> [Work task]: Please repeat each line of the data exactly, with nothing left out.
(Records provided Opens)
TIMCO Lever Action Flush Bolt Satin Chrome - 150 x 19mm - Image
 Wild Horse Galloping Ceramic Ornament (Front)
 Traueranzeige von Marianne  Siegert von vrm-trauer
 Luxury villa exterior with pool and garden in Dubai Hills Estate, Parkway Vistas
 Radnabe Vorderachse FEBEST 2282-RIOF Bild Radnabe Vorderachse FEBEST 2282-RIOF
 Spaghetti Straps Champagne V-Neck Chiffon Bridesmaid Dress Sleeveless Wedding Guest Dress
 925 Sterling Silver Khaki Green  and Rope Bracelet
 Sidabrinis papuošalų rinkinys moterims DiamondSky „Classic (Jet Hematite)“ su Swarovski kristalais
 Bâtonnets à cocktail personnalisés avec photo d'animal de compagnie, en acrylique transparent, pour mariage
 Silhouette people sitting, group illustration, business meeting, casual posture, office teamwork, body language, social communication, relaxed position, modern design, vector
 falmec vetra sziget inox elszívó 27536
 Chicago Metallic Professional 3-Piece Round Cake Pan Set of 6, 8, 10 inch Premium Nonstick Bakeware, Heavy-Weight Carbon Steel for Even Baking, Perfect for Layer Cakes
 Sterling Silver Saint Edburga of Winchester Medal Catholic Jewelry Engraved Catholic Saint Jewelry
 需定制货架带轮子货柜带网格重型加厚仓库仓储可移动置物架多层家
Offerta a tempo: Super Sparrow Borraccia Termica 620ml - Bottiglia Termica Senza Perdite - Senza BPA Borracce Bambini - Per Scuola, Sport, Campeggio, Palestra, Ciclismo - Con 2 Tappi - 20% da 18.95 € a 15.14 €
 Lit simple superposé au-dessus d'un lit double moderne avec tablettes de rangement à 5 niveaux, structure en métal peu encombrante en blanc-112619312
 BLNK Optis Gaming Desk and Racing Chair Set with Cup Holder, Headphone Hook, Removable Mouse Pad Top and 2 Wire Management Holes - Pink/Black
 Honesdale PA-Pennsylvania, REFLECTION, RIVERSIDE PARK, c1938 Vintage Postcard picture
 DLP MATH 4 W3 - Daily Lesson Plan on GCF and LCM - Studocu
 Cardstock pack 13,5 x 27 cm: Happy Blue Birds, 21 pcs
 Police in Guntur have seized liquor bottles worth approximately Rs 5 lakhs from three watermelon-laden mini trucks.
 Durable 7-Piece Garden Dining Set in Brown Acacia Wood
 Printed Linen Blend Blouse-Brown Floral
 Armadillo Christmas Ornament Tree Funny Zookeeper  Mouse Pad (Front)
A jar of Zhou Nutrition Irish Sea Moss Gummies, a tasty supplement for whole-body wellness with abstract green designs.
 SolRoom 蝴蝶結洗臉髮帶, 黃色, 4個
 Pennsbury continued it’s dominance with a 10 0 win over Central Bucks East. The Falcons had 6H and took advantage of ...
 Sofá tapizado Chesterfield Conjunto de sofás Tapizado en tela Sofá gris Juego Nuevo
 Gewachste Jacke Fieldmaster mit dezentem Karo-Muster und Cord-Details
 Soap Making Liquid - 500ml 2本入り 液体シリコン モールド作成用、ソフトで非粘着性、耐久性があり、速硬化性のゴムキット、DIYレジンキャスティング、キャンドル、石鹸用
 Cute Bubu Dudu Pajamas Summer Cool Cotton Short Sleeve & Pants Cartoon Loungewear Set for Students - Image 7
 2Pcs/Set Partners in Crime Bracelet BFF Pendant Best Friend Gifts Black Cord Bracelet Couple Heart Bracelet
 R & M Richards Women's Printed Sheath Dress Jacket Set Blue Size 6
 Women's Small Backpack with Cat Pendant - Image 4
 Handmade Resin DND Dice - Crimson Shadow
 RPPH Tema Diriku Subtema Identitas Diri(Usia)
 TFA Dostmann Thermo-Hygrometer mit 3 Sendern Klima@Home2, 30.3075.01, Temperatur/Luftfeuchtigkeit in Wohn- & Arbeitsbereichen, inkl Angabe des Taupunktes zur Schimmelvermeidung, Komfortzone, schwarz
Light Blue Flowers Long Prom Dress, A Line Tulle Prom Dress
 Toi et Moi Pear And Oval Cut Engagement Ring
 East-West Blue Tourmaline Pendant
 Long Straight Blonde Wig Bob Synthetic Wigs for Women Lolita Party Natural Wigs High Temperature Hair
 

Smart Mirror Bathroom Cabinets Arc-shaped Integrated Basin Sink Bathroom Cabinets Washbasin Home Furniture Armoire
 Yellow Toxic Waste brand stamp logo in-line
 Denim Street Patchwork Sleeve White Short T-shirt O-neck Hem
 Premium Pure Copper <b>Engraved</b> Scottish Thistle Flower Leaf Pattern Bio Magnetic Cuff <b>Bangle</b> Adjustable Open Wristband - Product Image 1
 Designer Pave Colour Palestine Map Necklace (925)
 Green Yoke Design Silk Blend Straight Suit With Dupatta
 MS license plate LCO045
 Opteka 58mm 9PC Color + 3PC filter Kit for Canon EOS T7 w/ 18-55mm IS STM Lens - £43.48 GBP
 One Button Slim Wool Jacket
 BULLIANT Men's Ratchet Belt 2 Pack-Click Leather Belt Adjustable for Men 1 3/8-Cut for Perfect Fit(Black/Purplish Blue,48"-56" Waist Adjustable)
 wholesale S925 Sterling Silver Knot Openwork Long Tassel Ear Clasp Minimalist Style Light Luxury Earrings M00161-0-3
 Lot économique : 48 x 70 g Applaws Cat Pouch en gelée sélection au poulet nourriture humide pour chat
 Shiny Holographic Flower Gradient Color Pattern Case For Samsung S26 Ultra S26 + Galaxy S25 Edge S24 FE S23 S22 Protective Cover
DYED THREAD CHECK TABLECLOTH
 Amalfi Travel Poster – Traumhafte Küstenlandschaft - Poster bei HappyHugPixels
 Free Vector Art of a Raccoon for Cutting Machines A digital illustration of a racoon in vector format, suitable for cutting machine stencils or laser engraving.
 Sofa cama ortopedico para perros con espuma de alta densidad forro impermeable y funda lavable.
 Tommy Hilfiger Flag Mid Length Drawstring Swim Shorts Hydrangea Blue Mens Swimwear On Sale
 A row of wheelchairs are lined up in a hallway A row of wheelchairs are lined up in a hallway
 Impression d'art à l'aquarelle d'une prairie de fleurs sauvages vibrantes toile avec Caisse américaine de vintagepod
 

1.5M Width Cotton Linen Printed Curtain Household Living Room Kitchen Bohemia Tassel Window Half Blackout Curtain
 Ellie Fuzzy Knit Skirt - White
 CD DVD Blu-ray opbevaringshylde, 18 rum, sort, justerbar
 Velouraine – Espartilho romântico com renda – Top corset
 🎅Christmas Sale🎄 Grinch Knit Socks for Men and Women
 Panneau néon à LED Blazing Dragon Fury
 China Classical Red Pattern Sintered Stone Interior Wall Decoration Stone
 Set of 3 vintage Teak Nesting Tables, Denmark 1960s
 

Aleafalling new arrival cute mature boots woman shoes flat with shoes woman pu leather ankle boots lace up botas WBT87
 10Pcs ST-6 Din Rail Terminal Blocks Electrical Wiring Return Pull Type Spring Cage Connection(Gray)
(Records provided Closes)
> [Reply to the task]:
TIMCO Lever Action Flush Bolt Satin Chrome - 150 x 19mm - Image
 Wild Horse Galloping Ceramic Ornament (Front)
 Traueranzeige von Marianne  Siegert von vrm-trauer
 Luxury villa exterior with pool and garden in Dubai Hills Estate, Parkway Vistas
 Radnabe Vorderachse FEBEST 2282-RIOF Bild Radnabe Vorderachse FEBEST 2282-RIOF
 Spaghetti Straps Champagne V-Neck Chiffon Bridesmaid Dress Sleeveless Wedding Guest Dress
 925 Sterling Silver Khaki Green  and Rope Bracelet
 Sidabrinis papuošalų rinkinys moterims DiamondSky „Classic (Jet Hematite)“ su Swarovski kristalais
 Bâtonnets à cocktail personnalisés avec photo d'animal de compagnie, en acrylique transparent, pour mariage
 Silhouette people sitting, group illustration, business meeting, casual posture, office teamwork, body language, social communication, relaxed position, modern design, vector
 falmec vetra sziget inox elszívó 27536
 Chicago Metallic Professional 3-Piece Round Cake Pan Set of 6, 8, 10 inch Premium Nonstick Bakeware, Heavy-Weight Carbon Steel for Even Baking, Perfect for Layer Cakes
 Sterling Silver Saint Edburga of Winchester Medal Catholic Jewelry Engraved Catholic Saint Jewelry
 需定制货架带轮子货柜带网格重型加厚仓库仓储可移动置物架多层家
Offerta a tempo: Super Sparrow Borraccia Termica 620ml - Bottiglia Termica Senza Perdite - Senza BPA Borracce Bambini - Per Scuola, Sport, Campeggio, Palestra, Ciclismo - Con 2 Tappi - 20% da 18.95 € a 15.14 €
 Lit simple superposé au-dessus d'un lit double moderne avec tablettes de rangement à 5 niveaux, structure en métal peu encombrante en blanc-112619312
 BLNK Optis Gaming Desk and Racing Chair Set with Cup Holder, Headphone Hook, Removable Mouse Pad Top and 2 Wire Management Holes - Pink/Black
 Honesdale PA-Pennsylvania, REFLECTION, RIVERSIDE PARK, c1938 Vintage Postcard picture
 DLP MATH 4 W3 - Daily Lesson Plan on GCF and LCM - Studocu
 Cardstock pack 13,5 x 27 cm: Happy Blue Birds, 21 pcs
 Police in Guntur have seized liquor bottles worth approximately Rs 5 lakhs from three watermelon-laden mini trucks.
 Durable 7-Piece Garden Dining Set in Brown Acacia Wood
 Printed Linen Blend Blouse-Brown Floral
 Armadillo Christmas Ornament Tree Funny Zookeeper  Mouse Pad (Front)
A jar of Zhou Nutrition Irish Sea Moss Gummies, a tasty supplement for whole-body wellness with abstract green designs.
 SolRoom 蝴蝶結洗臉髮帶, 黃色, 4個
 Pennsbury continued it’s dominance with a 10 0 win over Central Bucks East. The Falcons had 6H and took advantage of ...
 Sofá tapizado Chesterfield Conjunto de sofás Tapizado en tela Sofá gris Juego Nuevo
 Gewachste Jacke Fieldmaster mit dezentem Karo-Muster und Cord-Details
 Soap Making Liquid - 500ml 2本入り 液体シリコン モールド作成用、ソフトで非粘着性、耐久性があり、速硬化性のゴムキット、DIYレジンキャスティング、キャンドル、石鹸用
 Cute Bubu Dudu Pajamas Summer Cool Cotton Short Sleeve & Pants Cartoon Loungewear Set for Students - Image 7
 2Pcs/Set Partners in Crime Bracelet BFF Pendant Best Friend Gifts Black Cord Bracelet Couple Heart Bracelet
 R & M Richards Women's Printed Sheath Dress Jacket Set Blue Size 6
 Women's Small Backpack with Cat Pendant - Image 4
 Handmade Resin DND Dice - Crimson Shadow
 RPPH Tema Diriku Subtema Identitas Diri(Usia)
 TFA Dostmann Thermo-Hygrometer mit 3 Sendern Klima@Home2, 30.3075.01, Temperatur/Luftfeuchtigkeit in Wohn- & Arbeitsbereichen, inkl Angabe des Taupunktes zur Schimmelvermeidung, Komfortzone, schwarz
Light Blue Flowers Long Prom Dress, A Line Tulle Prom Dress
 Toi et Moi Pear And Oval Cut Engagement Ring
 East-West Blue Tourmaline Pendant
 Long Straight Blonde Wig Bob Synthetic Wigs for Women Lolita Party Natural Wigs High Temperature Hair
 

Smart Mirror Bathroom Cabinets Arc-shaped Integrated Basin Sink Bathroom Cabinets Washbasin Home Furniture Armoire
 Yellow Toxic Waste brand stamp logo in-line
 Denim Street Patchwork Sleeve White Short T-shirt O-neck Hem
 Premium Pure Copper <b>Engraved</b> Scottish Thistle Flower Leaf Pattern Bio Magnetic Cuff <b>Bangle</b> Adjustable Open Wristband - Product Image 1
 Designer Pave Colour Palestine Map Necklace (925)
 Green Yoke Design Silk Blend Straight Suit With Dupatta
 MS license plate LCO045
 Opteka 58mm 9PC Color + 3PC filter Kit for Canon EOS T7 w/ 18-55mm IS STM Lens - £43.48 GBP
 One Button Slim Wool Jacket
 BULLIANT Men's Ratchet Belt 2 Pack-Click Leather Belt Adjustable for Men 1 3/8-Cut for Perfect Fit(Black/Purplish Blue,48"-56" Waist Adjustable)
 wholesale S925 Sterling Silver Knot Openwork Long Tassel Ear Clasp Minimalist Style Light Luxury Earrings M00161-0-3
 Lot économique : 48 x 70 g Applaws Cat Pouch en gelée sélection au poulet nourriture humide pour chat
 Shiny Holographic Flower Gradient Color Pattern Case For Samsung S26 Ultra S26 + Galaxy S25 Edge S24 FE S23 S22 Protective Cover
DYED THREAD CHECK TABLECLOTH
 Amalfi Travel Poster – Traumhafte Küstenlandschaft - Poster bei HappyHugPixels
 Free Vector Art of a Raccoon for Cutting Machines A digital illustration of a racoon in vector format, suitable for cutting machine stencils or laser engraving.
 Sofa cama ortopedico para perros con espuma de alta densidad forro impermeable y funda lavable.
 Tommy Hilfiger Flag Mid Length Drawstring Swim Shorts Hydrangea Blue Mens Swimwear On Sale
 A row of wheelchairs are lined up in a hallway A row of wheelchairs are lined up in a hallway
 Impression d'art à l'aquarelle d'une prairie de fleurs sauvages vibrantes toile avec Caisse américaine de vintagepod
 

1.5M Width Cotton Linen Printed Curtain Household Living Room Kitchen Bohemia Tassel Window Half Blackout Curtain
 Ellie Fuzzy Knit Skirt - White
 CD DVD Blu-ray opbevaringshylde, 18 rum, sort, justerbar
 Velouraine – Espartilho romântico com renda – Top corset
 🎅Christmas Sale🎄 Grinch Knit Socks for Men and Women
 Panneau néon à LED Blazing Dragon Fury
 China Classical Red Pattern Sintered Stone Interior Wall Decoration Stone
 Set of 3 vintage Teak Nesting Tables, Denmark 1960s
 

Aleafalling new arrival cute mature boots woman shoes flat with shoes woman pu leather ankle boots lace up botas WBT87
 10Pcs ST-6 Din Rail Terminal Blocks Electrical Wiring Return Pull Type Spring Cage Connection(Gray)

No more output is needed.